Buffett started buying Wells Fargo stock in 1990. At the beginning of the year, the P/B was 1.668 and by the end it was 1.379, for a rough estimated P/B ratio of 1.5. Using similar tactics We find the metrics for Wells Fargo around the time Buffett was buying up shares:

  • Price to book: 1.5
  • Price to earnings: 8
  • Cashflow: 1.668 billion
  • Earnings per share: $.3450
  • Return on equity: 19.52%
  • Dividend Yield: 4%

Source: ycharts.com

PetroChina (PTR)

Total return: 720%

Buffett bought this Chinese stock in 2002-2003 and sold in 2007.

  • Price to book: Data not available
  • Price to earnings: 6
  • Cashflow: 1.668 billion
  • Earnings per share: $3
  • Return on equity: 15.41%
  • Dividend Yield: 7.5%

Fundamentals in 2007:

  • Price to book: 3.194
  • Price to earnings: 17
  • Cashflow: 26.83B from operations
  • Earnings per share: 10.64
  • Return on equity: 23%
  • Dividend Yield: 3%

It’s interesting that the price to book was relatively higher than a traditional value stock. The dividend yield had fallen and both cashflow and earnings per share had expanded tremendously.

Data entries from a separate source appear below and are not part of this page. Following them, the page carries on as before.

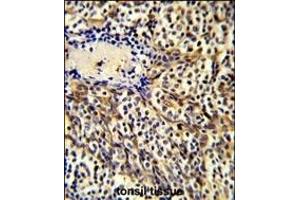 Formalin-fixed and paraffin-embedded human tonsil tissue reacted with CCL3 Antibody (C-term), which was peroxidase-conjugated to the secondary antibody, followed by DAB staining. (CCL3 antibody  (C-Term))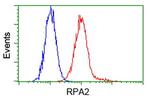 RPA2 Antibody in Flow Cytometry (Flow)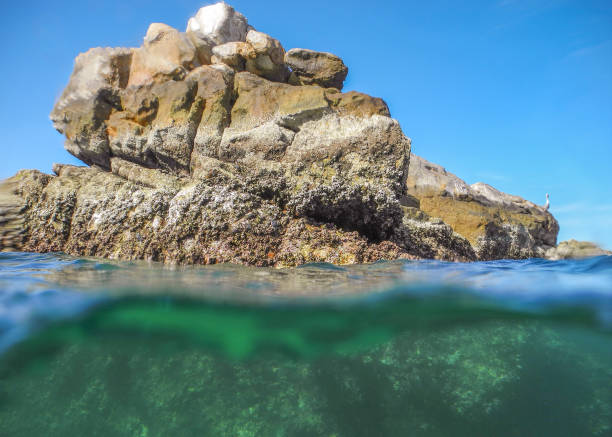pelican rock arriba y abajo el agua cerca de cabo san lucas - has san hawkins fotografías e imágenes de stock
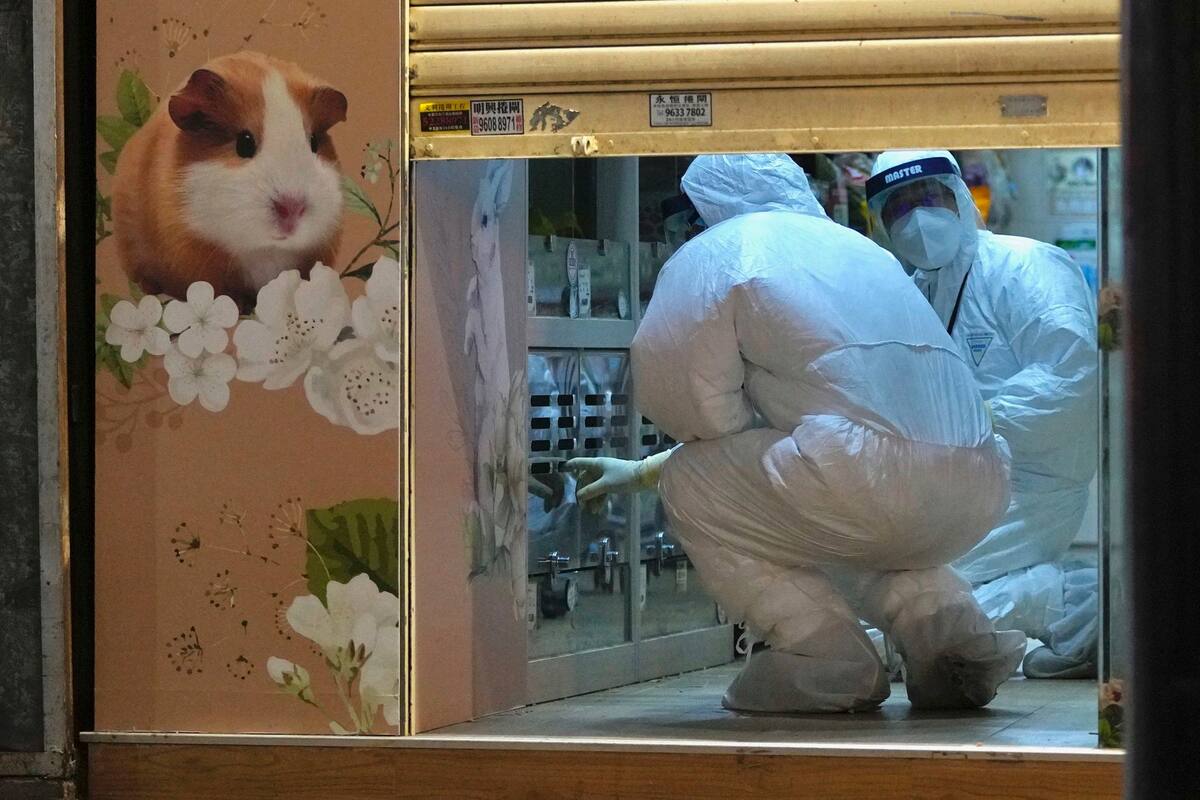 Personal del Departamento de Agricultura de Hong Kong examina la tienda donde varios hámsteres dieron positivo en pruebas de coronavirus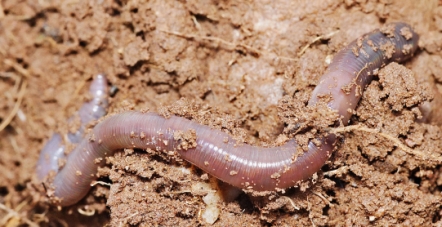 Worm Eating Bacteria, Fungi and Algae found in soil.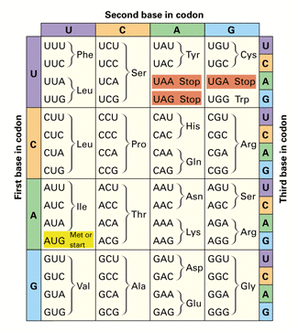 Protein Synthesis Chart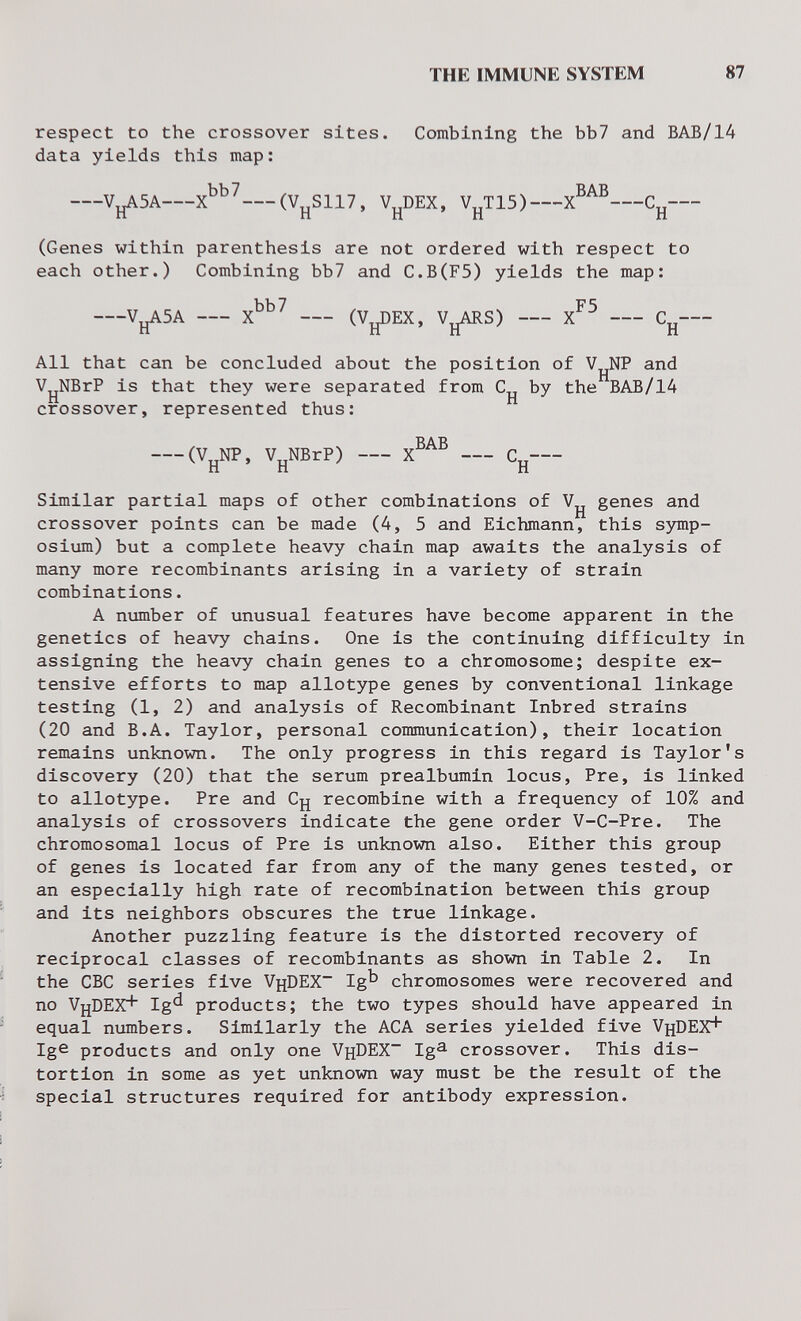 THE IMMUNE SYSTEM 87 respect to the crossover sites. Combining the ЬЪ7 and BAB/14 data yields this map: Vj^5A (V^S117, V^DEX, V^^TIS) X®^®  (Genes within parenthesis are not ordered with respect to each other.) Combining bb7 and C.B(F5) yields the map: Vj^5A X^^^ (Vj^EX, Vj^S) X^^ Cjj All that can be concluded about the position of V^NP and VjjNBrP is that they were separated from C^ by the BAB/14 crossover, represented thus: (VjjNP, VjjNBrP) X®^® Сд Similar partial maps of other combinations of genes and crossover points can be made (4, 5 and Eichmann, this symp¬ osium) but a complete heavy chain map awaits the analysis of many more recombinants arising in a variety of strain combinations. A number of unusual features have become apparent in the genetics of heavy chains. One is the continuing difficulty in assigning the heavy chain genes to a chromosome; despite ex¬ tensive efforts to map allotype genes by conventional linkage testing (1, 2) and analysis of Recombinant Inbred strains (20 and B.A. Taylor, personal communication), their location remains unknown. The only progress in this regard is Taylor's discovery (20) that the serum prealbumin locus, Pre, is linked to allotype. Pre and Сц recombine with a frequency of 10% and analysis of crossovers indicate the gene order V-C-Pre. The chromosomal locus of Pre is unknown also. Either this group of genes is located far from any of the many genes tested, or an especially high rate of recombination between this group and its neighbors obscures the true linkage. Another puzzling feature is the distorted recovery of reciprocal classes of recombinants as shown in Table 2. In the CBC series five V^DEX Ig^* chromosomes were recovered and no VjjDEX^ Ig'^ products; the two types should have appeared in equal numbers. Similarly the АСА series yielded five VjiDEX^ Ige products and only one VhDEX Ig^ crossover. This dis¬ tortion in some as yet unknown way must be the result of the special structures required for antibody expression.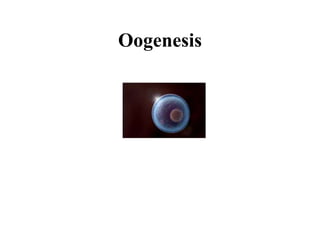 Oogenesis
 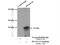 DnaJ Heat Shock Protein Family (Hsp40) Member C19 antibody, 12096-1-AP, Proteintech Group, Immunoprecipitation image 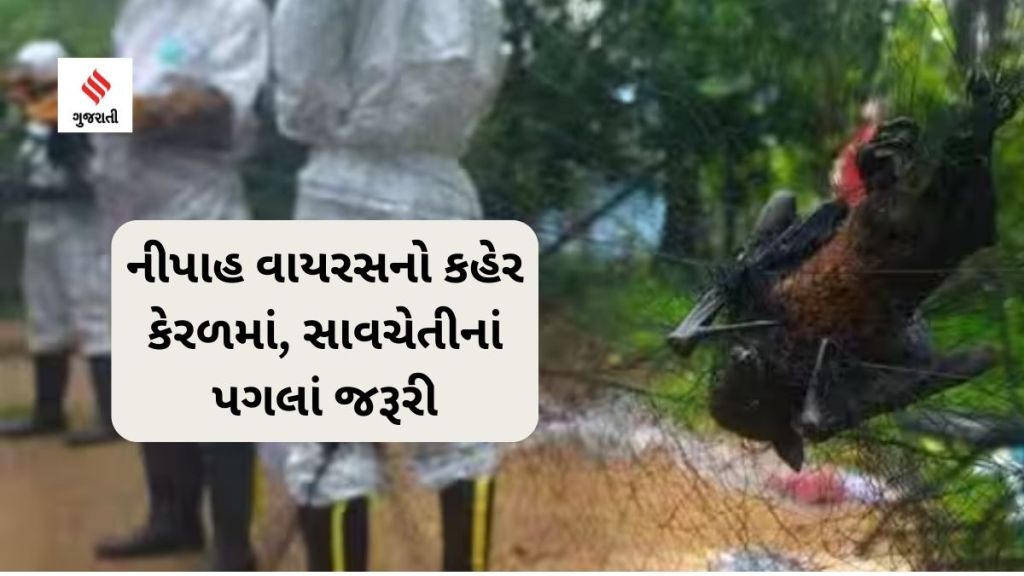 Nipah Virus : કેરળમાં નીપાહ વાયરસનો કહેર, સાવચેતીનાં પગલાં જરૂરી Nipah Virus : કેરળમાં નીપાહ વાયરસનો કહેર, સાવચેતીનાં પગલાં જરૂરી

His decision to sell PTR would likely also have factored in management, industry climate and political optics. To that last point, he may have wanted to pivot from an oil company to an electric car company because of the long term prospects and that it is more consistent with what democrats in the US find acceptable.

Source: ycharts.com

BYD (BYDDF)

Total Return: 671%

Buffett bought this Chinese electric car maker in 2008. I had trouble finding historical stats for BYD. The following BYD stats are based on this article and the 2008 financial report.

  • Price to book: 2.5
  • Price to earnings: <8
  • Cashflow: $273 million (converted from RMB1,816,362)
  • Earnings per share: $.08 (converted from RMB0.50
  • Return on equity: ???
  • Dividend Yield: none in 2008 but did pay a dividend in 2007

Source: http://bydit.com/userfiles/attachment/2009042009130534224.pdf

The price to earnings ratio is certainly attractive and the company is cashflow positive. The price to book is rather rich but a large factor in this purchase was probably the endorsement of Buffett’s right hand man, Charles Munger:

In 2008, Munger sold Buffett on Chinese car battery company BYD by saying that its CEO, Wang Chuan-Fu, was quite obviously a descendant of both Thomas Edison and Jack Welch. He solves problems like Edison and gets things done like Welch, Munger said. “I’ve never seen anything like it in my life.”

Source: http://fortune.com/2014/10/31/warren-buffett-best-investments/

Coke (KO)

Total Return: 1,600%

Buffett is famous for owning Coke. He started buying the stock in 1987. I found an insightful article on why Warren Buffett bought Coke in 1987. Coke wasn’t a value stock by traditional metrics.

Coke was selling around 15 times earnings and I believe somewhere around 5 times book value at the time.

Source: http://basehitinvesting.com/mohnish-pabrai-heres-why-buffett-bought-coke-ko-in-1987/

Buffett instead looked at the value of the brand and determined that it would cost $100 billion to build a similar brand and that Coke was undervalued since the whole company could be purchased for $20 billion.

He also started buying it in the same year as the 1987 stock market crash, putting into practice his adage: “We simply attempt to be fearful when others are greedy and to be greedy only when others are fearful.”

It’s a great example of how the value investing metrics are important, you can still be successful without them if there is an overarching larger reason why the stock is relatively undervalued.

Berkshire Hathaway (BRK.A)

Total return: 1,745,300%

Buffett bought this new england textile company in 1965 and used it as a holding company by the same name. I found some stats in this article.

  • Price to book: .76
  • Price to earnings: 7
  • Cashflow: yes
  • Earnings per share: Start of year: $3.7
  • Return on equity: ???
  • Dividend Yield: yes

A Proven Strategy

Value investing is a proven strategy. While there are few guarantees in life or investing it is no coincidence that one of the world’s most famous investors and wealthy investors is a value investor.